You wouldn't believe it, but a "scientific" study has proven that the better the game, the more it gets downloaded through peer to peer networks.
The "surprising" results were revealed by Anders Drachen, Kevin Bauer and Rob Veitch at the university of Waterloo, University of Colorado and Copenhagen Business School.
The research team monitored the p2p downloads of 173 over a three months span at the end of 2010 / start of 2011.
Only 127 games of the 173 chosen games were available on BitTorrent. Those games were downloaded by 12.7 million unique peers during the study period. While this means that the average game got downloaded 100,000 times, it is worth noting that the 10 most downloaded games account for 5.3 million downloads (42% of the total).

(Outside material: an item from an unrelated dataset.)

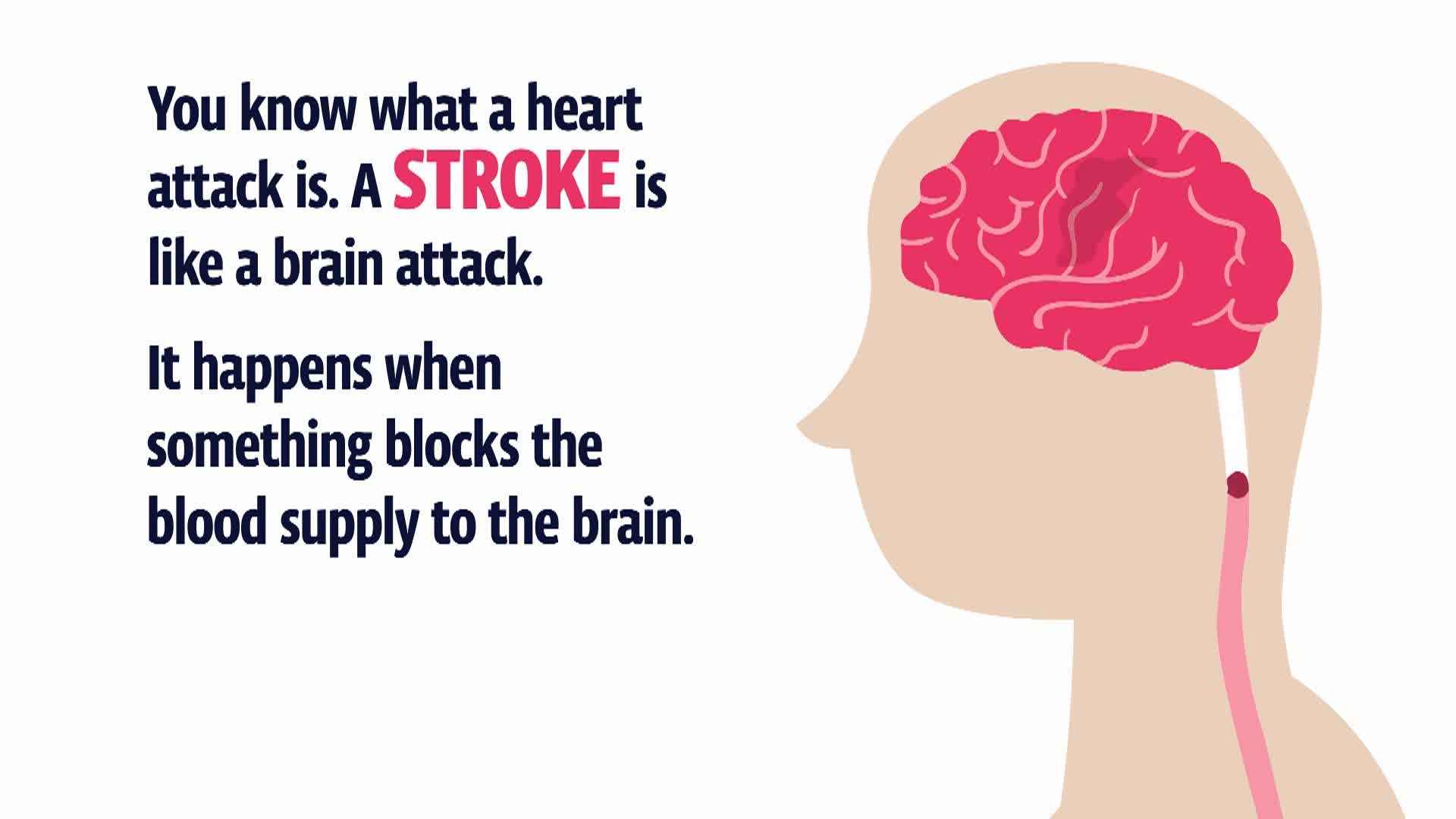 Florida Health | Stroke Use F.A.S.T.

The most downloaded game during the study was Fallout: New Vegas with 962,243 downloads, followed by Darksiders and Need For Speed: Hot Pursuit with 656,296 and 656,243 downloads. NBA 2k11 was downloaded 545,559 times; TRON Evolution - 496,349 downloads; Call of Duty: Black Ops - 469,864 downloads; Starcraft 2 - 420,138 downloads; Star Wars the Force Unleashed 2 - 415,021 downloads; Two Worlds II - 388,236 downloads, and The Sims 3: Late Night - 356,771 downloads.
The researchers noticed a high correlation between the games' metacritic score and the number of times it was downloaded from BitTorrent. "The result indicates a statistically significant positive relationship between the number of unique peers and aggregated review scores," the paper explained. "Put differently, Metacritic Scores explain 10 percent of the variance in the unique peers per game on BitTorrent."
The researches announced that they are looking into other factors that affect piracy rates, but they didn't name any of them.